INPUT DATA:
[Start of section]

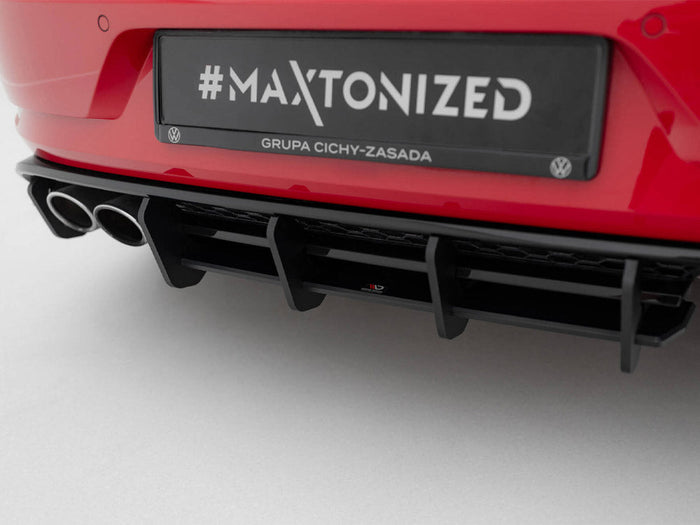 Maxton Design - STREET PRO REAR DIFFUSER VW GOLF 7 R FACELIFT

[End of section]
[Start of section]

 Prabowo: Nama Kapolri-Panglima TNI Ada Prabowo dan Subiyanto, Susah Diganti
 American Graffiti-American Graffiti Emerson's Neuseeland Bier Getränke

[End of section]
[Start of section]

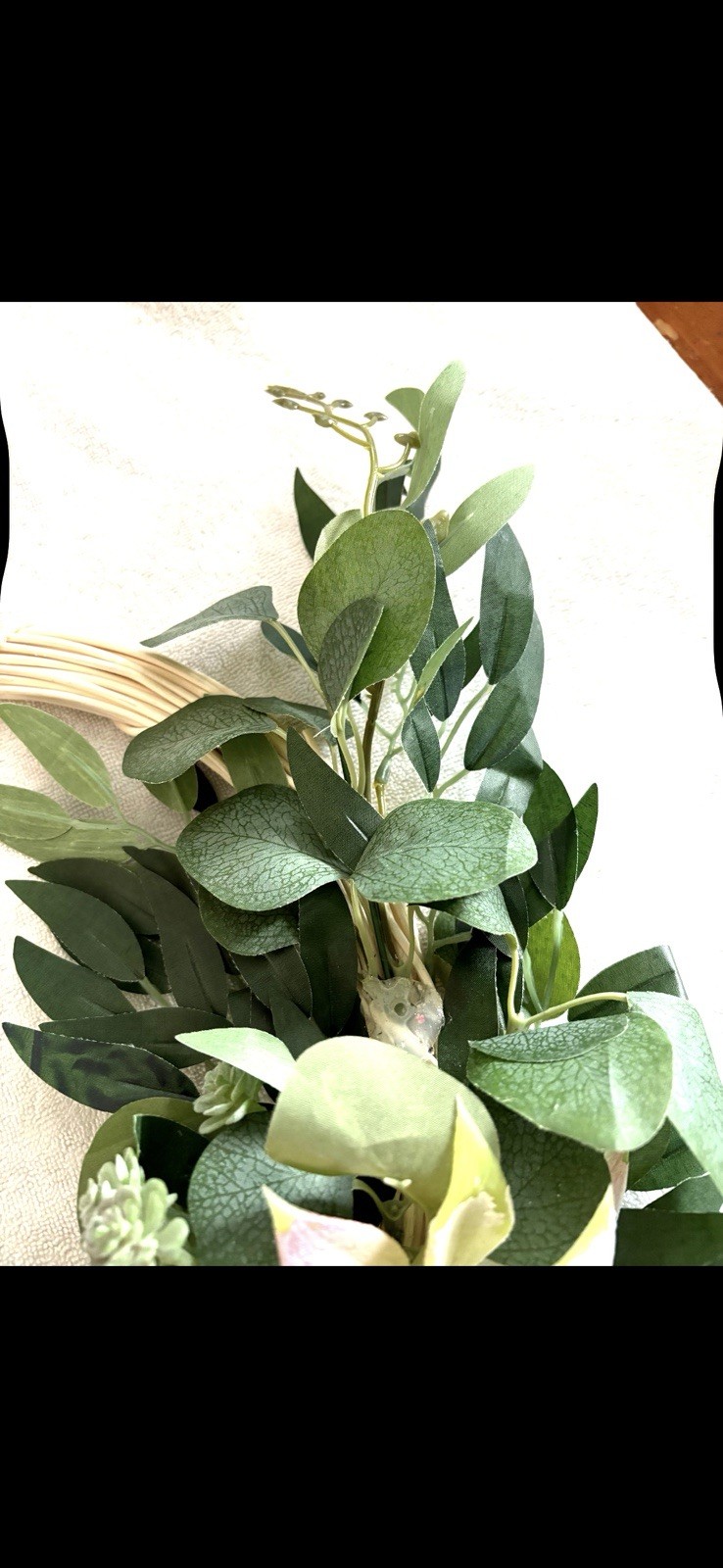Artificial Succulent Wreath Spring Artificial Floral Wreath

[End of section]

ACTIVITY:
Above are the records; from them, give again exactly the lines from the one containing "Prabowo: Nama Kapolri-Panglima" through the one containing "American Graffiti-American Graffiti", both included.

THE ANSWER:
 Prabowo: Nama Kapolri-Panglima TNI Ada Prabowo dan Subiyanto, Susah Diganti
 American Graffiti-American Graffiti Emerson's Neuseeland Bier Getränke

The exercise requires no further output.